Quote all of the data that follows exactly as written, skipping the images.

Data below:
====

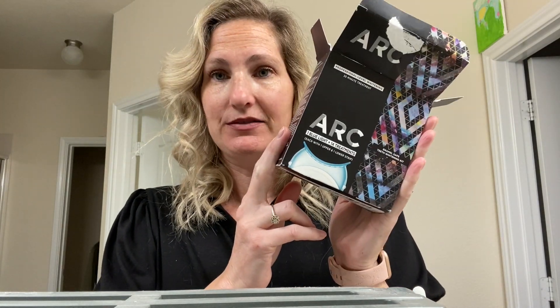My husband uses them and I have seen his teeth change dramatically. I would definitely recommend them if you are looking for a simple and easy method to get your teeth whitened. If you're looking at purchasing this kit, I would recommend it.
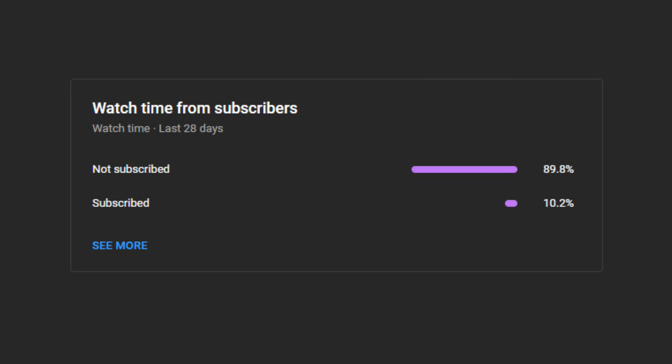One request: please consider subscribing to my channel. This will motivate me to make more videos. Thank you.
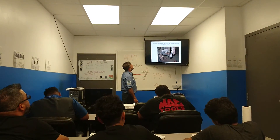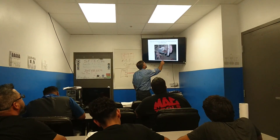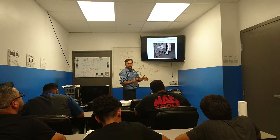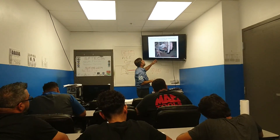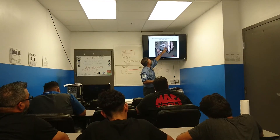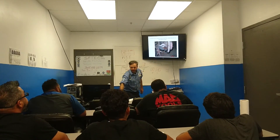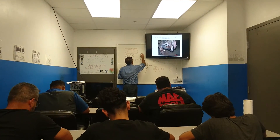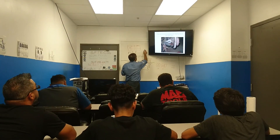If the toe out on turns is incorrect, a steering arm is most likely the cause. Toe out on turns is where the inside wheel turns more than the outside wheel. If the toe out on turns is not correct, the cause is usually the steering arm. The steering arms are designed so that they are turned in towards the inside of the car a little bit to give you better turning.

====

Exercise result:
My husband uses them and I have seen his teeth change dramatically. I would definitely recommend them if you are looking for a simple and easy method to get your teeth whitened. If you're looking at purchasing this kit, I would recommend it.
One request: please consider subscribing to my channel. This will motivate me to make more videos. Thank you.
If the toe out on turns is incorrect, a steering arm is most likely the cause. Toe out on turns is where the inside wheel turns more than the outside wheel. If the toe out on turns is not correct, the cause is usually the steering arm. The steering arms are designed so that they are turned in towards the inside of the car a little bit to give you better turning.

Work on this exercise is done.